Lose weight in 2 easy steps

During my weight loss journey I've gone from 5'9" 205lbs to 5'9" 160lbs (Unfortunately I'm not any taller) in 10 months. During this process I've had lots of people ask me what I'm doing or how I made the change.

I've described what I've done in a few different ways, however as I think back there are two easy steps to my weight loss. While the steps to weight loss are easy, it still involves some good old fashioned hard work.

Step 1: Watch what you eat. Regardless of your beliefs, background, education etc... we can all probably agree that as delicious as they are, In-N-Out Burger, Popeye's Fried Chicken and my personal favorite Taco Bell aren't the healthiest options. But it's not just what you eat, it's also how much you eat.

Even if you're on a strict chicken breast and brown rice diet (which I don't advise), it's not going to help you very much if you consume a mountain of it every time you sit down to eat. That's right folks, counting calories actually works.

I know the Keto Diet and Intermittent Fasting are much more popular but both seemed somewhat extreme so I went with counting calories. To help I downloaded the MyFitnessPal app. Basically you enter in your current stats, your weight goal and it gives you a total amount of calories you can consume in a day.

Each time you eat enter what you are eating into the app and it counts the calories for you. You would be amazed how many calories are in things that seem healthy, like Pita Jungle's Chicken & Hummus (1,290) for a full plate. Once I knew how many calories were in the things I was eating it made it much easier to start cutting back on my caloric intake.

From there I did some research online to figure out what kind of diet Jiu Jitsu competitors and MMA Fighters have. Then I combined a bunch of their meals and eating schedules together to create my personal food plan. It now includes things like chicken thighs (boneless/skinless), brown rice, broccoli, mushrooms, chicken sausage, cauliflower pasta, tuna poke bowls, hard boiled eggs and beef jerky. Even the occasional beer on the weekends.
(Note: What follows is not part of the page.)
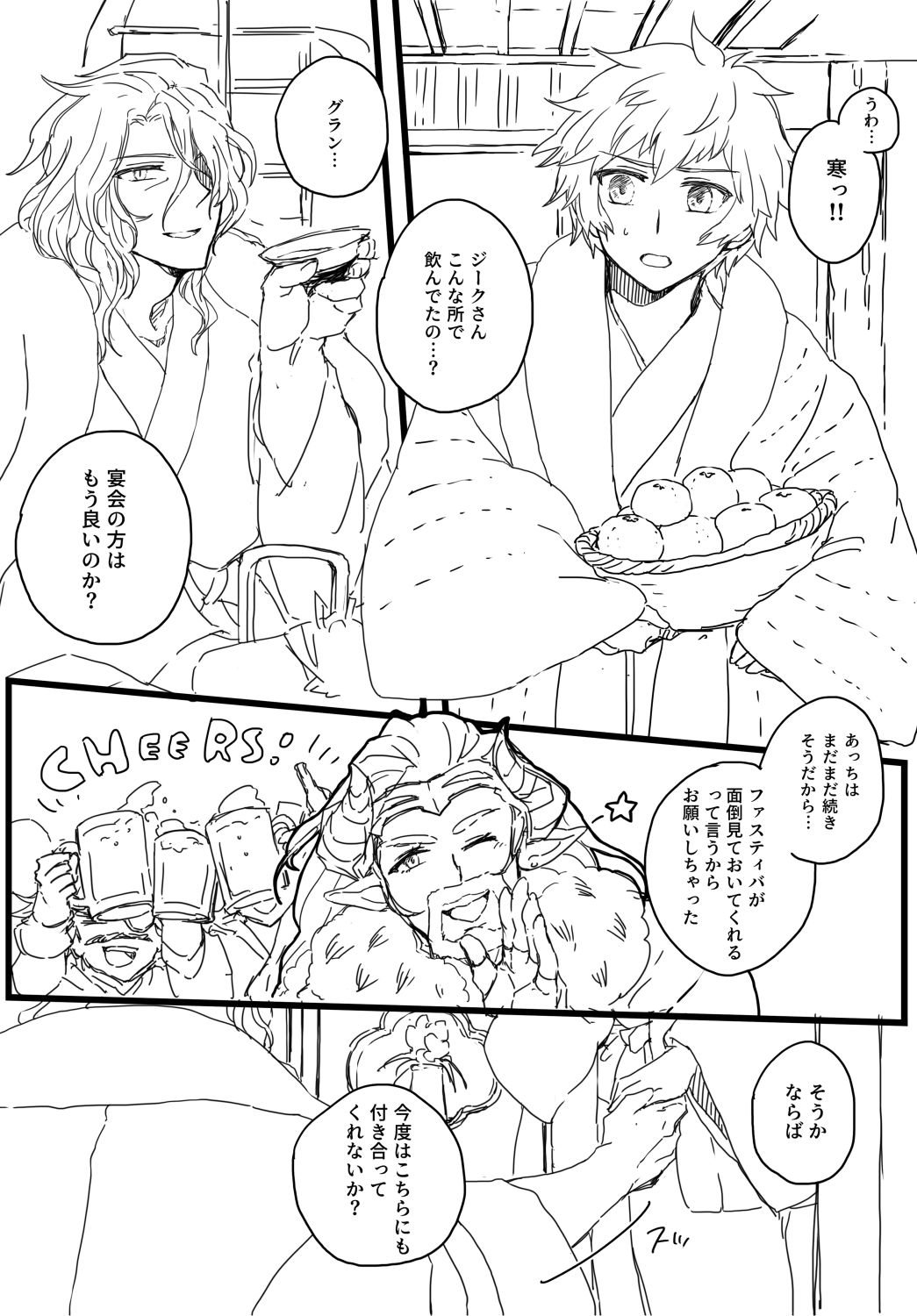 はれのひ はつはる ゆきみざけ page 6 full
One last thing about diet, drink lots of water, lots. Cut out cokes and beer for a while, or at least save them for special occasions. 
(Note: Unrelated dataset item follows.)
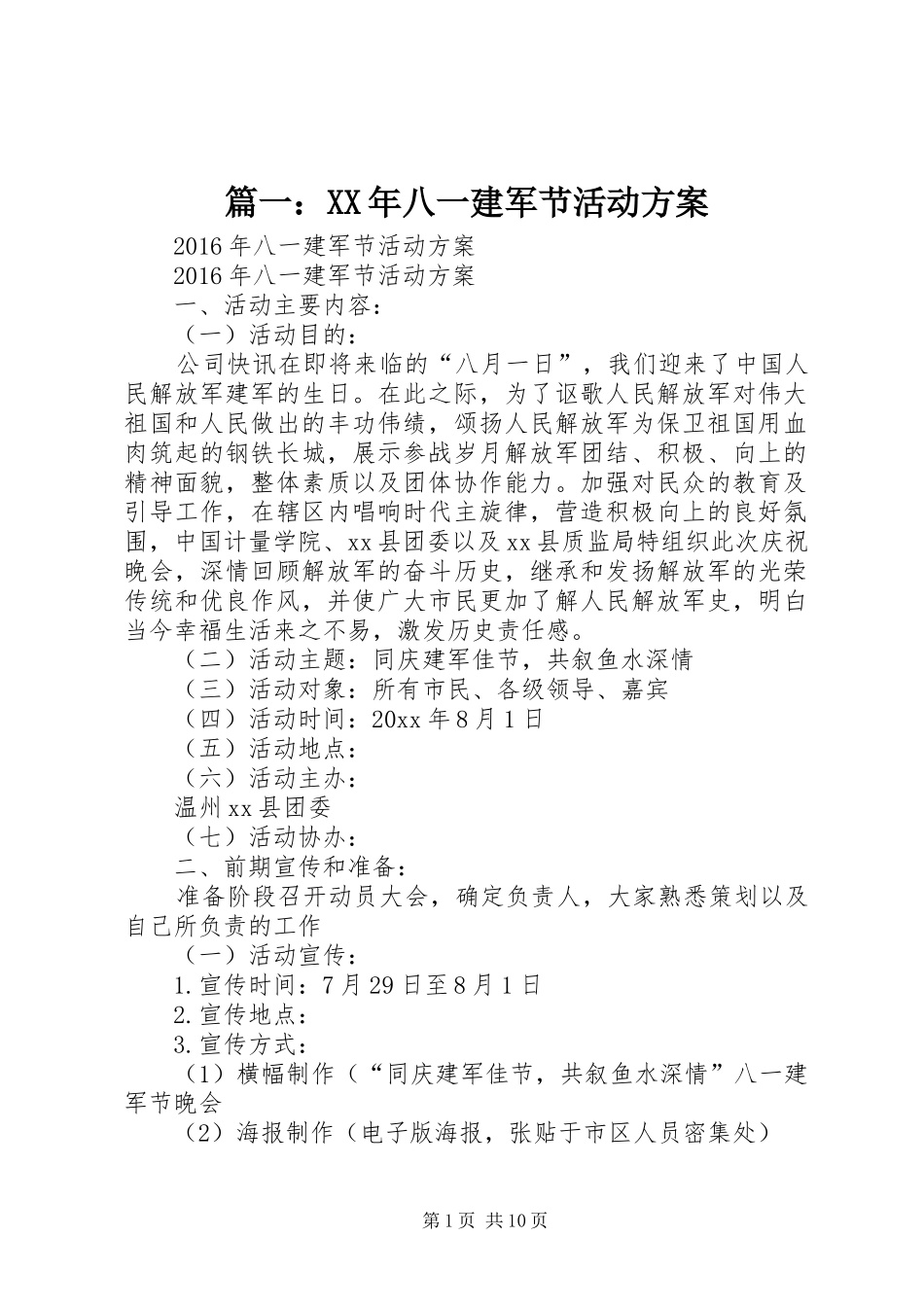 篇一：XX年八一建军节活动实施方案_第1页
Step 2: Workout. If it's been a while since you last worked out take it slow at first. Go for a hike, jog as far as you can or just jump in and start training Jiu Jitsu like I did. For a while it will feel like you're going to die or your heart is going to blow out of your chest but that's okay as long as you do a little bit more each time you work out. Don't worry about how long you work out for or how far you run, just do something.
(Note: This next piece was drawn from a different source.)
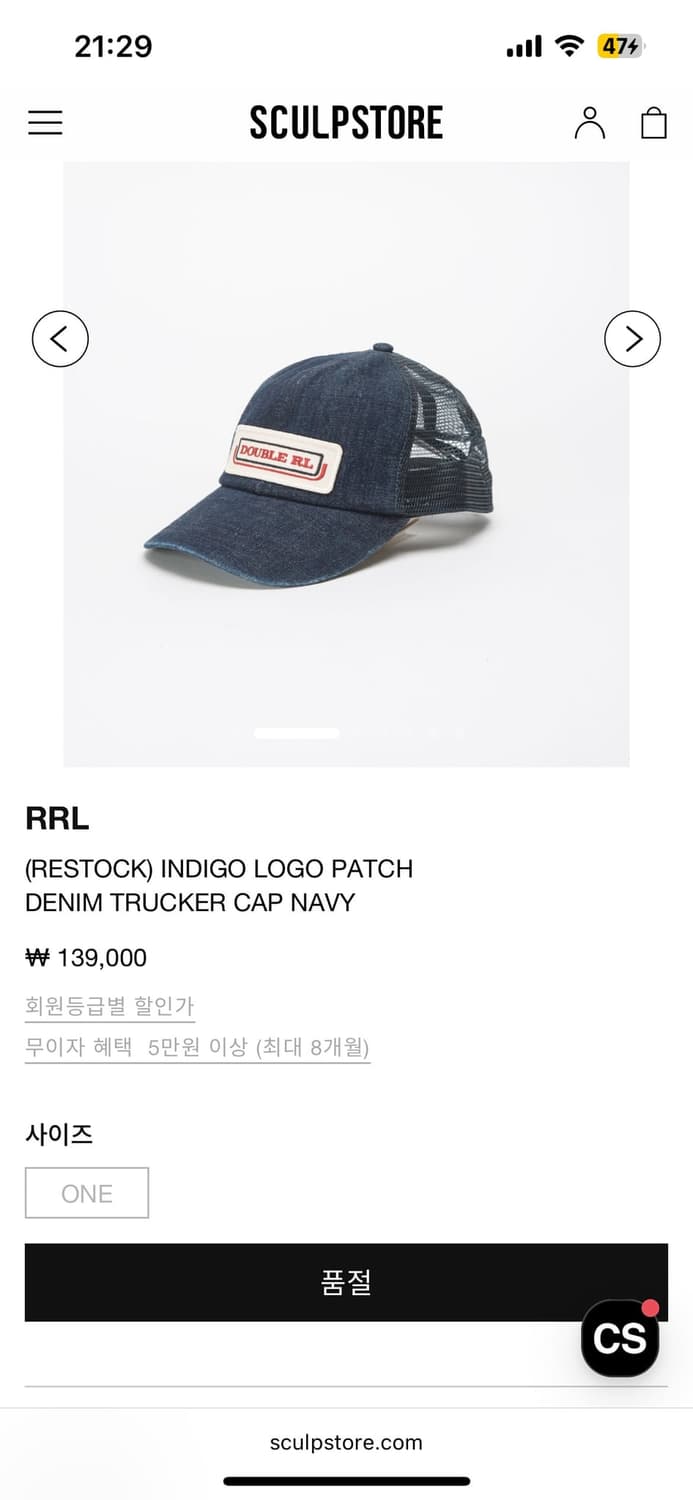 더블알엘 인디고 로고패치 데님 트러커캡 상품이미지5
There's a now famous ultra runner and former Navy Seal named David Goggins that was 300lbs before becoming a Seal. In his book and on various podcasts he said that his first day of getting into shape he ran less than a 1/4 mile. If he can go from running less than a 1/4 mile to Seal training in a few months you can definitely push yourself enough to get into regular person shape.

Working out absolutely has positive effects on your body whether it's cardio, weightlifting, Crossfit or a HIIT workout. But it also has the effect of burning calories which will speed up your weight loss journey. Another positive from working out is that you get to eat more because you are burning more calories. Use the MyFitnessPal help to help you figure out how many more you can consume.

Well, there you go. How to lose weight in 2 steps.